The patients in the study population were recruited from two hospitals in Northern Sweden: Umeå University Hospital and Östersund County Hospital. All patients were identified using the laboratory information systems and based on the presence of CoNS in more than two periprosthetic tissue biopsies retrieved during revision surgery in patients with clinically suspected PJI between December 2008 and June 2011. Diagnosis was based on the PJI diagnostic criteria of the Infectious Disease Society of America (IDSA, www.idsociety.org), ‘identical microorganisms isolated from two or more cultures’ [7], and classified according to the time point of occurrence after implantation: acute, within 1–3 months; delayed, 3 months to 1 year; late, after more than 1 year [6]. The medical records of the patients were reviewed for additional data on concomitant diseases, previous hospitalisation during the preceding year, intraoperative clinical findings by the surgeon, surgical treatment of PJI, and outcome at 2-year follow-up.

Bacterial isolates

CoNS cultured from more than two perioperative tissue specimens (obtained during revision surgery of patients with clinically suspected PJI) were evaluated. Based on differences in colony morphology (i.e., size, consistency, luster, and colour), one to two isolates resembling CoNS were collected from each tissue culture for further investigation. The bacterial isolates were stored at − 70 °C in preservation media (Trypticase Soy Broth, BD Diagnostic Systems, Sparks, MD, USA) until further examination. In total, 131 CoNS isolates collected from 62 patients with PJIs were included for antimicrobial susceptibility testing and pulsed-field gel electrophoresis (PFGE). Only one isolate was available for PFGE and MLST in 40/62 (65%) patients with PJIs. Multiple CoNS isolates were available from 22 PJIs; 18 caused by S. epidermidis, two Staphylococcus capitis, one Staphylococcus caprae, and one Staphylococcus hominis. We were not able to recultivate multiple isolates of S. epidermidis for WGS in two PJIs. Hence, multiple S. epidermidis (n = 69) isolates collected from 16 patients were available for whole-genome sequencing (WGS) (Supplementary Figs. S1 and S2).

Identification

Species-level identification was performed using matrix-assisted laser resorption/ionisation time-of-flight mass spectrometry (MALDI-TOF MS) with a Microflex LT (Bruker Daltonik GmbH, Bremen, Germany) and MALDI Biotyper software v3.1 DB7311 (Bruker Daltonik), according to the manufacturer’s instructions. A score > 2.0 was required for species identification [15].

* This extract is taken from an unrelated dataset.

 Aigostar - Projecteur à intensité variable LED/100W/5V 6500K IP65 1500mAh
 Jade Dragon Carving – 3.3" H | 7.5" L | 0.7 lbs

Antimicrobial susceptibility testing

Antimicrobial susceptibility was tested using disc diffusion according to the recommendations of the European Committee on Antimicrobial Susceptibility Testing (EUCAST, http://www.eucast.org) with the following eight antimicrobials: cefoxitin, clindamycin, erythromycin, fusidic acid, gentamicin, norfloxacin, rifampicin, and trimethoprim/sulfamethoxazole. The clinical breakpoints were the same as those specified in the EUCAST recommendation (v10.0). Vancomycin heteroresistance was not tested. Multidrug resistance (MDR) was defined as resistance towards antimicrobials from more than three classes.

PFGE and multilocus sequence typing (MLST)

PFGE and MLST were performed as previously described [16]. In short, DNA was prepared from 3 mL S. epidermidis overnight cultures in Todd Hewitt broth (Difco Laboratories). The DNA was digested using SmaI (Thermo Fisher Scientific, Waltham, MA, USA), and the DNA fragments were separated by PFGE in a GenePath apparatus (Bio-Rad Laboratories) using Program 14, for 19.7 h according to the manufacturer’s instructions (Bio-Rad). Gels were stained in 1 mg/L ethidium bromide, destained, and photographed under UV illumination. Genetic similarity between isolates was calculated using GelCompar II 4.0 (Applied Maths) using the Dice coefficient, and the unweighted pair group method with arithmetic mean (UPGMA) with 1.3% tolerance and 0.8% optimization settings. S. aureus NCTC 8325 was included as a reference in every sixth to seventh lane to allow normalisation of the electrophoretic pattern. Band sizes below 36 kb were not analysed. PFGE types were visually identified according to established criteria; isolates with more than three-band variation in the PFGE pattern were defined as genetically unrelated. This corresponded to a similarity coefficient of 90% using the cluster analysis.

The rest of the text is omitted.